April 22 (Bloomberg) -- JPMorgan Chase & Co. advised reducing Russian stock holdings as OAO Gazprom’s proposed dividend cut, falling oil prices and “policy stasis” in President Vladimir Putin’s government overshadow low valuations.
Russia was cut to underweight from neutral, Adrian Mowat, JPMorgan’s chief Asia and emerging-market strategist, wrote in a report dated April 20. The nation’s stock market, the biggest consensus overweight position among emerging-market fund managers, is vulnerable to foreign outflows, Mowat said.
State-run Gazprom, Russia’s largest company by market value and the stock with the biggest weighting in the MSCI Russia Index, proposed this month reducing its annual dividend by about 33 percent. Mowat said the cut removes the “last and best bull point” for the stock, which tumbled to the lowest level since March 2009 in Moscow trading on April 19. Russia, which depends on oil and gas for about half of government revenue, has made little progress in curbing its budget deficit or improving the nation’s pension system, the strategist said.

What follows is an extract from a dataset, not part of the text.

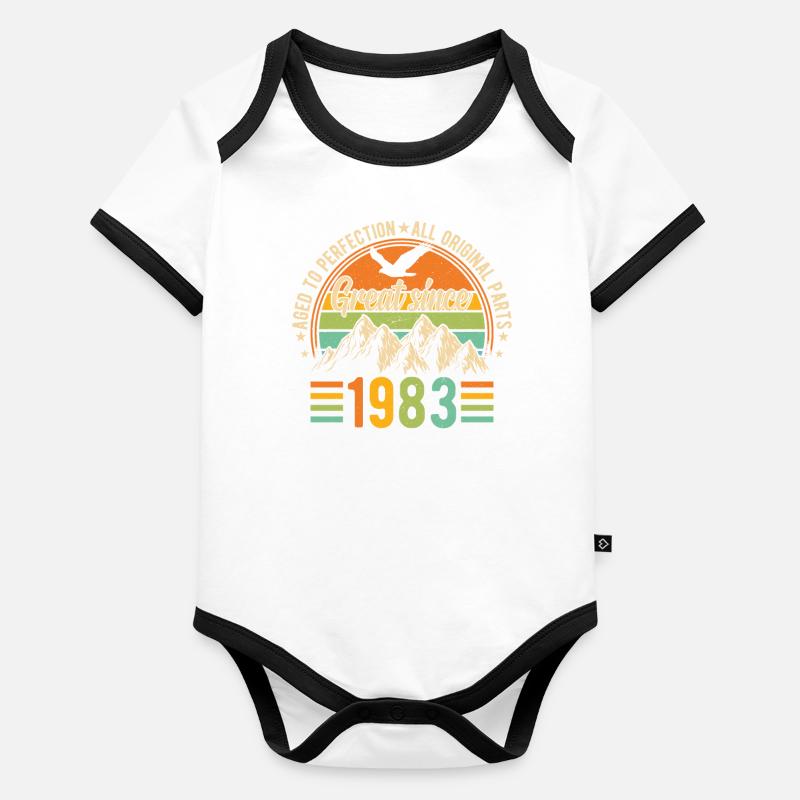 1983 Birthday Organic Baby Contrasting Bodysuit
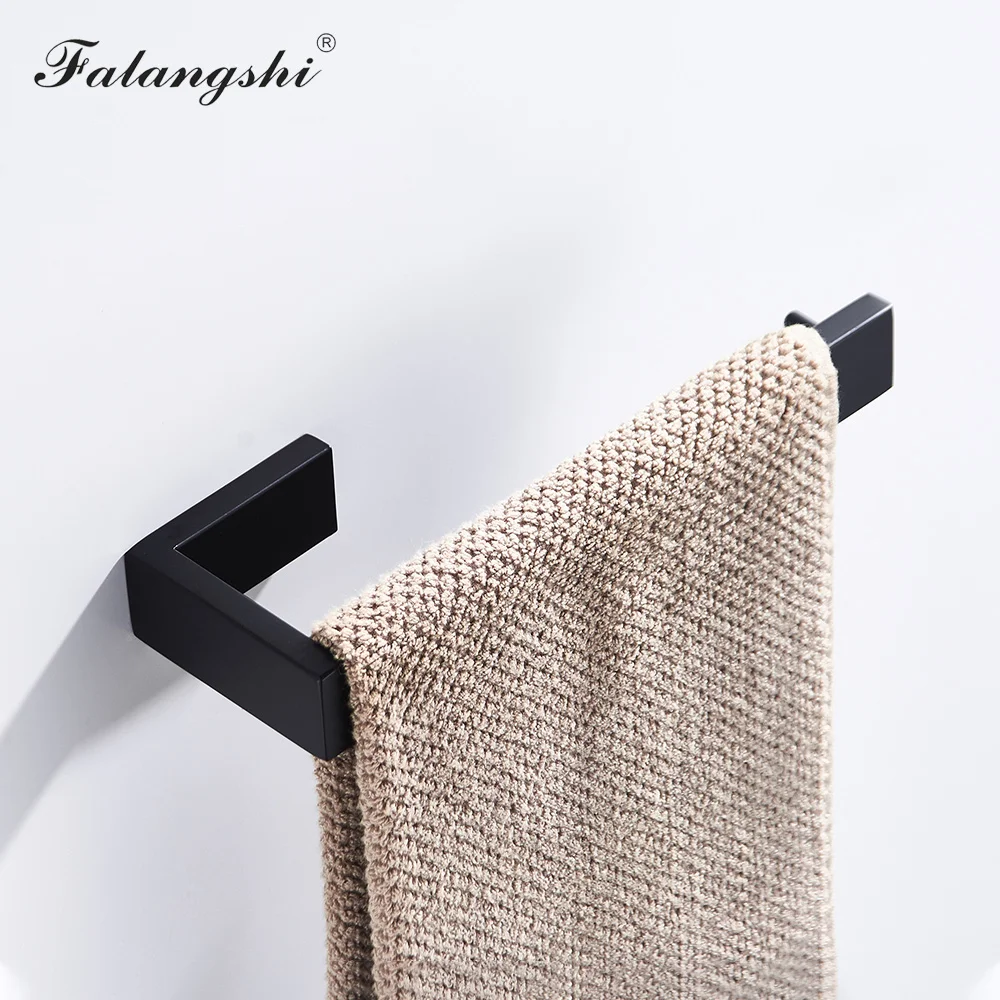 304 Stainless Steel Bathroom Hardware Set Black Robe Hooks Toilet Paper Holder Towel Rail Bar Accessories For Bathroom WB8856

“Investors point to low valuations on Russian stocks as a bull case, but they cannot really answer our questions about what improvements they have seen recently in the policy environment or the expectations of future improvements,” Mowat wrote.
The MSCI Russia Index has tumbled 11 percent this year and reached the lowest level since July on April 17. The gauge is valued at 4.9 times estimated 12-month earnings, versus 10 times for the MSCI Emerging Markets Index, according to data compiled by Bloomberg. Gazprom, Russia’s natural-gas export monopoly, trades for 2.7 times projected 2013 profits after the stock retreated 16 percent this year.
The Micex Index rose for a second day, adding 0.8 percent to 1,349.34 as of 10:43 a.m. in Moscow. Gazprom snapped five days of declines, increasing 0.6 percent to 120.97 rubles.
Brent crude futures gained 0.3 percent today, rising for a third day from the lowest close since July. Prices have fallen 9.1 percent this month amid concern a slowing global economy will hurt fuel demand.